In his critically acclaimed book, Thinking, Fast and Slow, the Nobel laureate Daniel Kahneman lays out his theories about how we analyze and interpret data. Kahneman divides the thought process into two systems.1 System 1, or thinking fast, uses association and metaphor to generate a rapid analysis of the issue at hand. It functions quickly without deliberation, and does not require much oversight. Think autonomic nervous system. In contrast, System 2, responsible for thinking slowly, provides the more thoughtful, careful and reasoned analysis. It is probing and questions our assumptions about issues. System 2 represents the epitome of higher cortical brain function.
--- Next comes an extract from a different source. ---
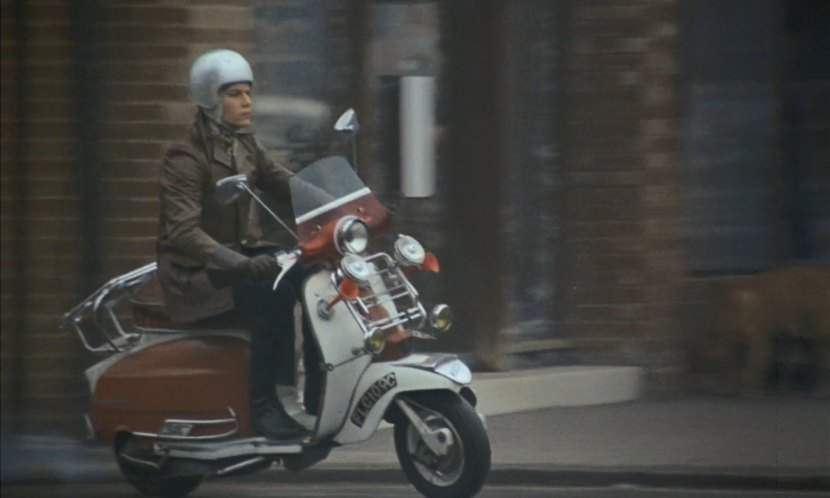 Lambretta Li 125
In one of Kahneman’s classic experiments assessing how one might enhance the activation of System 2, a group of Harvard undergraduate students were asked to solve a simple puzzle about the likely occupation of a hypothetical graduate student. They were provided with a set of variables including his possible fields of study and a personality sketch. “Half of the students were told to puff out their cheeks during the task, while the others were told to frown. It turns out that frowning generally increases the vigilance of System 2 and reduces both overconfidence and the reliance on intuition.” So, I am asking all readers to frown for the next several minutes as you read about some novel and interesting research findings. Intuitively, these studies may seem far afield from rheumatology. The first concerns the relationship between microbes and their hosts. The second describes the role for Bacille Calmette Guerin (BCG) as a vaccine that could attenuate type I diabetes. The third attempts to explain how an emotional stress such as depression can increase the risk of developing bone metastases in women with breast cancer. To paraphrase the late Steve Jobs, we need to be creative and “think different.”
The Gut of the Matter
This past summer, it would have been very difficult to avoid reading something about how microbial flora impacts our health. The human microbiome, a term coined by the late Joshua Lederberg, MD, consists of all microbes, their genomic material, and the sum total of their interactions within the host, namely each and every one of us. There are 10 times more microbial cells than human cells in the body. In total, the microbiome harbors 3,000 kinds of bacteria with 3 million distinct genes, compared with just 18,000 genes belonging to our own cells. In an excellent review of the topic, published in The Rheumatologist, Jose U. Scher, MD, clinical instructor of medicine, and Steven B. Abramson, MD, professor of medicine, both at the New York University School of Medicine, describe how the gut microbiota should be viewed as an extension of the self.2 As the authors stress, its rich milieu contains far more genetic and antigenic material than the host. They lay out in elegant detail how the microbiome may drive the pathogenesis of rheumatic diseases such as rheumatoid arthritis (RA) and the spondylarthropathies.